_The problem_
Beginning with the line of the entries below that holds "日本初 ハイクラス人材のキャリア戦略プラットフォーム Ix" and ending with the line that holds "Last 24 Hours Graph of Trash Rsn", transcribe each line exactly as written. Pictures stay out.
Records shown Block Start
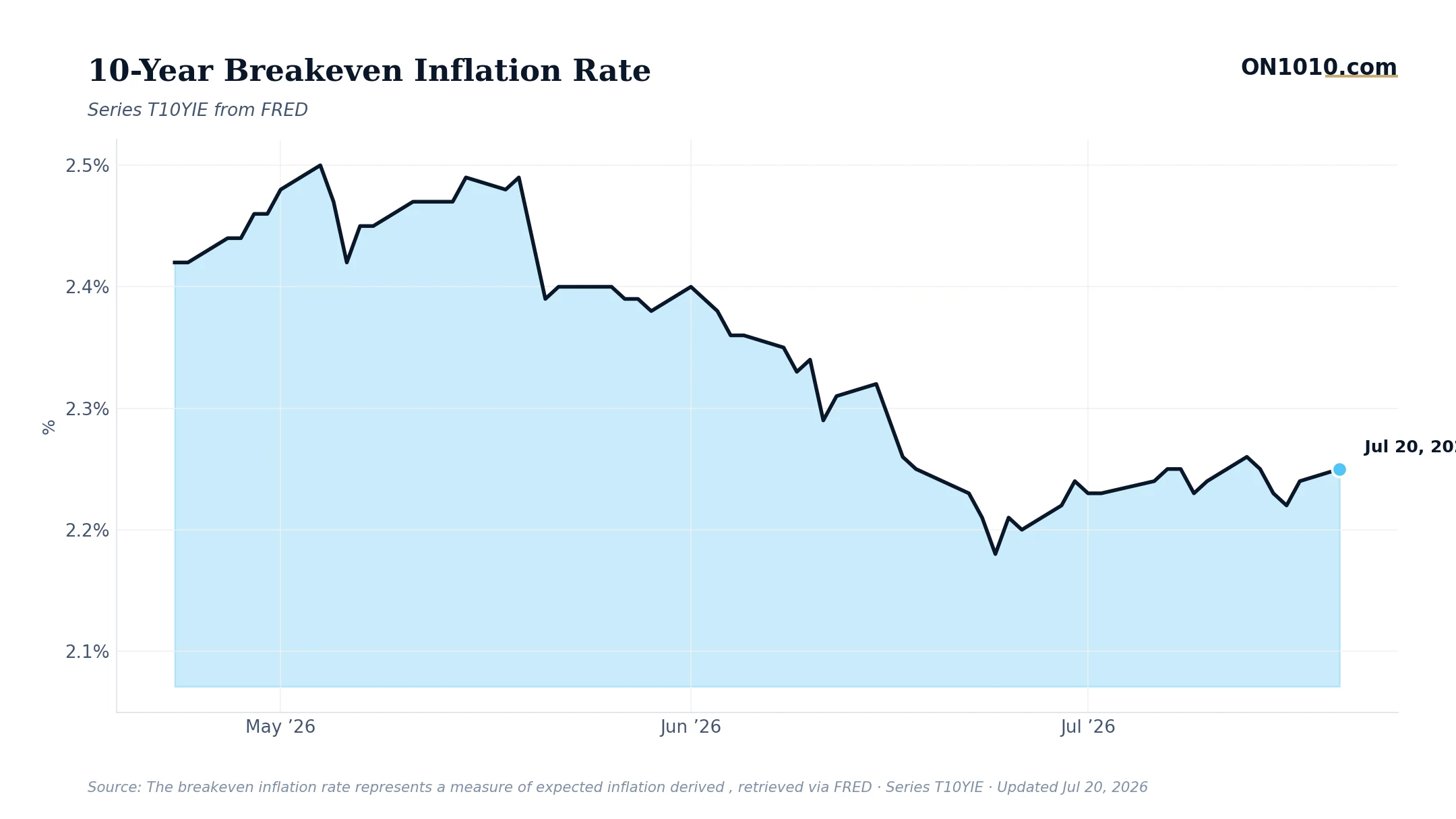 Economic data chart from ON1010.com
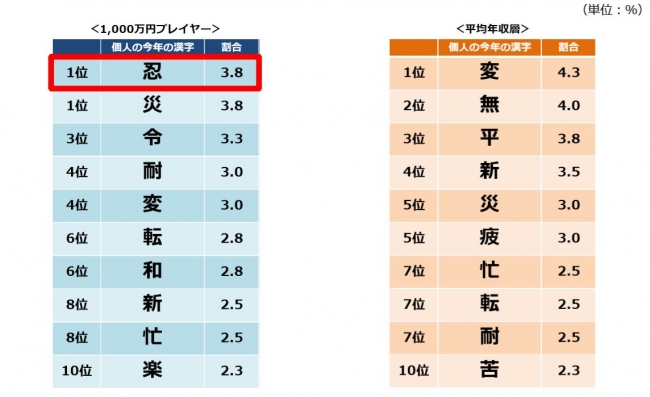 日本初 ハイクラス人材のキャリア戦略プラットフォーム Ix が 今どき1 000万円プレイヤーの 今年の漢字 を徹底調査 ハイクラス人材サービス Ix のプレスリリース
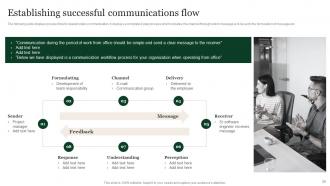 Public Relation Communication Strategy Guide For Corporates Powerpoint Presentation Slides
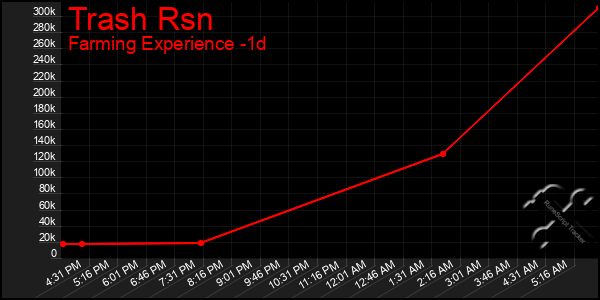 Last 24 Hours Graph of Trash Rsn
Records shown Block End
Records shown Block Start
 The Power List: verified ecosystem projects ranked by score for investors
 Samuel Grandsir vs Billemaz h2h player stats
Records shown Block End
_Answer to this task_
 日本初 ハイクラス人材のキャリア戦略プラットフォーム Ix が 今どき1 000万円プレイヤーの 今年の漢字 を徹底調査 ハイクラス人材サービス Ix のプレスリリース
 Public Relation Communication Strategy Guide For Corporates Powerpoint Presentation Slides
 Last 24 Hours Graph of Trash Rsn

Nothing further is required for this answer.